### GIVEN MATERIAL
##############################

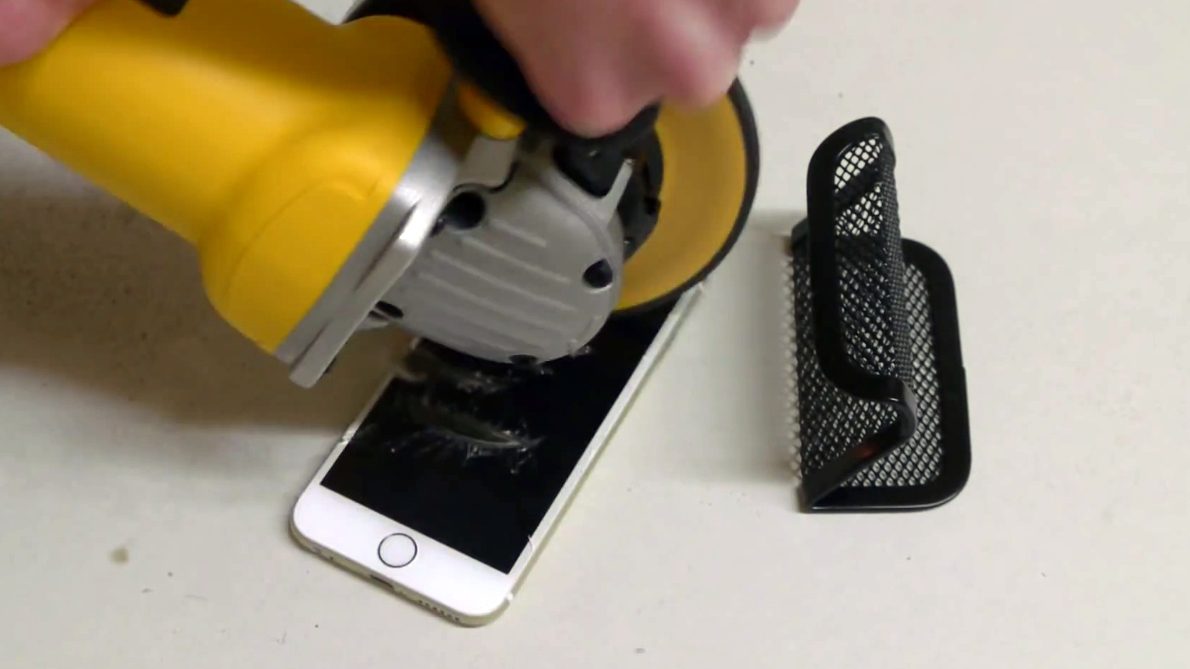 An iPhone 6 under the grinder (YouTube grab)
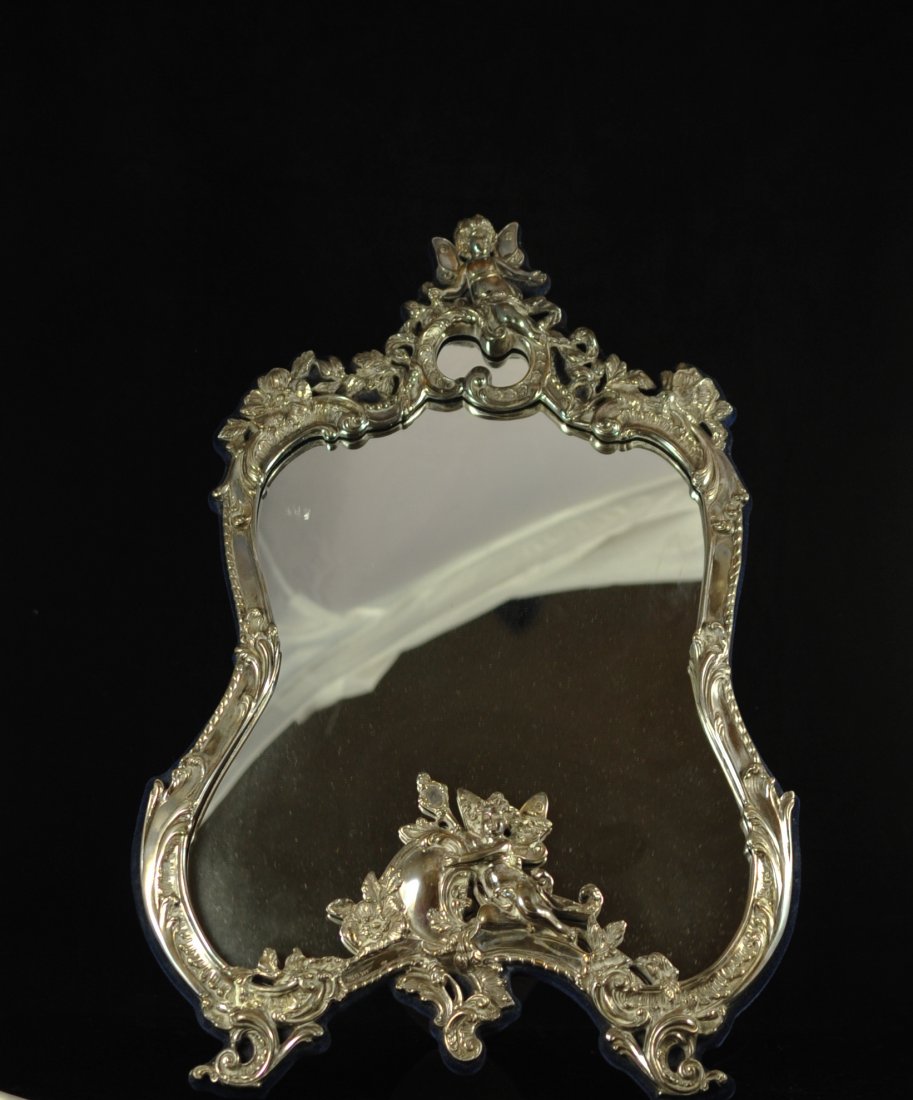 Large sterling Art Nouveau style mirror. Hallmarke: DESCRIPTION: Large sterling Art Nouveau style mirror. Oversized Nouveau style mirror with an ornate sterling frame. Features two fairies: One at the center top and the center bottom. One holds a handh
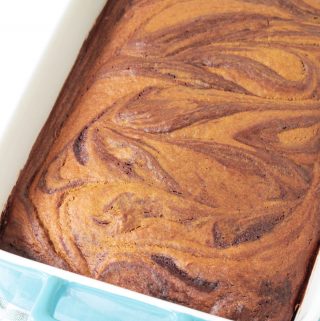Pumpkin Swirl Brownies baked to perfection in a blue baking dish.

##############################

### WHAT TO WORK ON
The answer is every line of the data, exactly as written, with the pictures dropped.

### RESULT
 An iPhone 6 under the grinder (YouTube grab)
 Large sterling Art Nouveau style mirror. Hallmarke: DESCRIPTION: Large sterling Art Nouveau style mirror. Oversized Nouveau style mirror with an ornate sterling frame. Features two fairies: One at the center top and the center bottom. One holds a handh
Pumpkin Swirl Brownies baked to perfection in a blue baking dish.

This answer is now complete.